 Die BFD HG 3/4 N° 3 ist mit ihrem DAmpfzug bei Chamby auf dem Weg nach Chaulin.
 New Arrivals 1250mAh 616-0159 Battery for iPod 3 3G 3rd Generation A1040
...
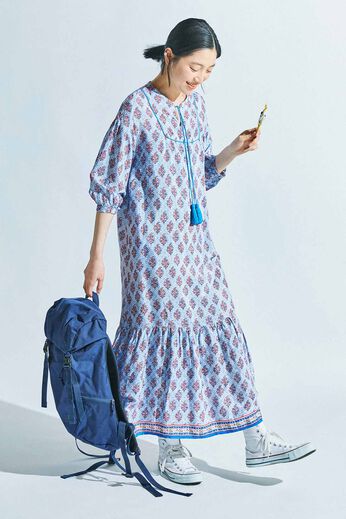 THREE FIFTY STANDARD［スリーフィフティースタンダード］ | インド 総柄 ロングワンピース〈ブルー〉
...
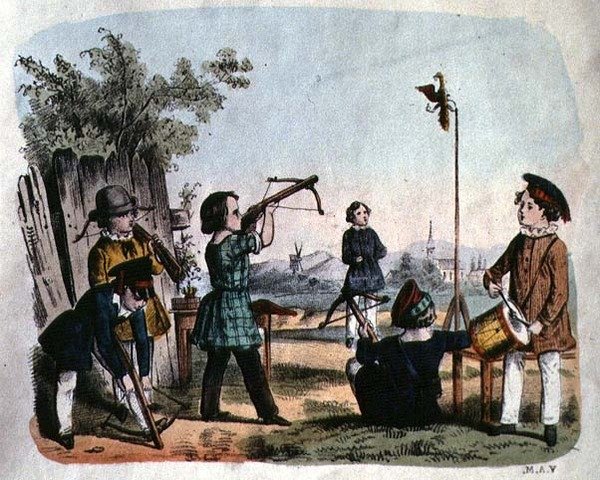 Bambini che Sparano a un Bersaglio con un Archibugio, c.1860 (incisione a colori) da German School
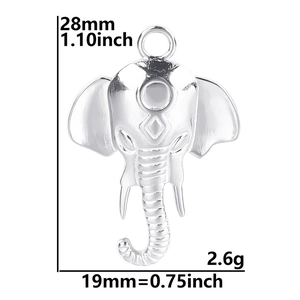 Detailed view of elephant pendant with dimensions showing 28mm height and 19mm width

#### Directions
Copy only this from above: the line containing "Bambini che Sparano", the line containing "Detailed view of", and all lines between, printed exactly. Leave out the pictures.

#### Response to the exercise
 Bambini che Sparano a un Bersaglio con un Archibugio, c.1860 (incisione a colori) da German School
 Detailed view of elephant pendant with dimensions showing 28mm height and 19mm width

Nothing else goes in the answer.